Worse, most underpaid workers are deprived of the benefits higher-income employees take for granted. A Princeton study concluded that a stunning 94 percent of the nine million new jobs created in the past decade were temporary or contract-based, rather than traditional full-time positions.

Even at high-flying Google, where privileged employees can make six-figure salaries plus thousands more in stock and cash bonuses, about half of the workforce is made up of temps, contractors and vendors.

Just program a few Java applets and make $100,000. How many of us can do that? The demand is there, though, for statistical analysts, data mining specialists, internet security specialists, and a variety of other specialized positions that explain the availability of 10 computing jobs for every computer science graduate.

Others Are Becoming Unpaid 

That would be the people replaced by machines.

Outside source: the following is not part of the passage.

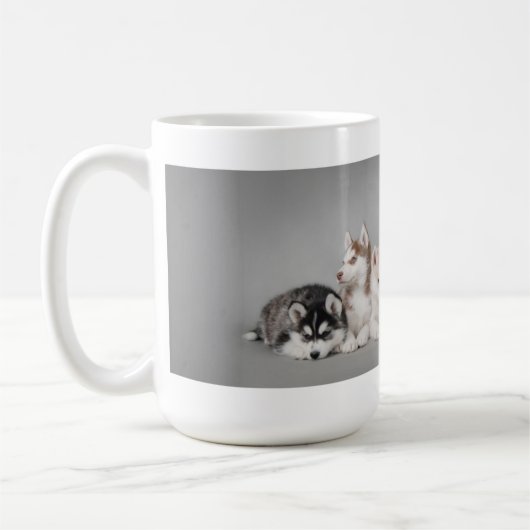 ハスキーの子犬たち コーヒーマグカップ (左)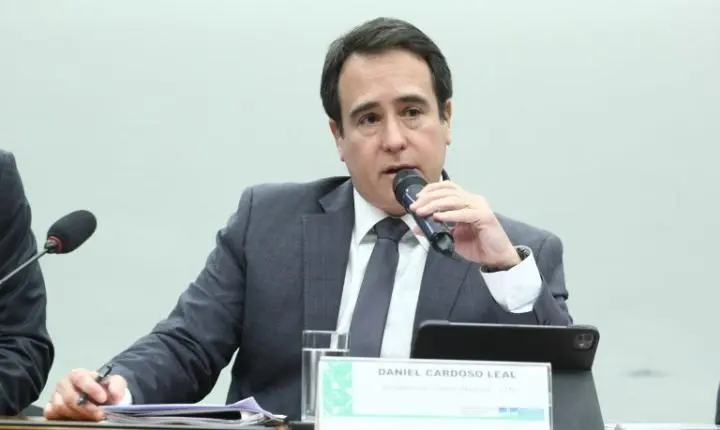 Secretário do Tesouro Nacional detalha crescimento econômico e plano para a dívida pública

Corporations could be training workers in new technologies, but instead they blame our underfunded educational system for worker deficiencies. Said an Apple executive, "The U.S. has stopped producing people with the skills we need." Another CEO, oblivious to the lack of jobs at anything other than a high-tech level, blustered, "The jobs are there, but the skills are not."

The Wall Street Journal chimed in: "Many workers who were laid off in recent decades . . . don’t have the skills to do today’s jobs."

Meanwhile, the robots proliferate, expanding into once-unimagined areas: robot surgeons, robot chefs, robot security guards, robot news writers, robot teachers that interact with children, robotic nurses that will lift patients and bring them medicine.

Some of the robots are getting more humanlike, sensing the emotions of drivers, for example, and encouraging them to calm down at signs of stress or anger and to stay awake when their eyelids are drooping. The European Parliament is even considering the granting of legal status to robots as "electronic persons."

So what are the living-wage jobs of the future? Alternative energy and infrastructure repair, certainly, if the politicians of the future care about the needs of human beings, and about the preservation of the earth itself. Solar and wind and other alternative sources are already providing nearly two-thirds of new electricity generation, and many of the jobs in the industry are labor-intensive, offering opportunities for mid-level workers formerly in manufacturing and transportation.

But going beyond that, on a wider plane, and to a level profit-seekers and neoliberals seem incapable of understanding, the elimination of traditional jobs should lead to the opportunity for "higher-value activities" that focus on human interaction. Indeed that is happening now, with the health care industry growing faster than any other industry, and with service-providing sectors projected to capture 94.6 percent of all the jobs added in the next decade. The Economist calls them "caring" jobs.

These are the jobs that deserve higher pay as our population ages. These are the jobs that show the need for cooperation rather than self-serving individualism. These are the jobs that should command respect, now and in the future.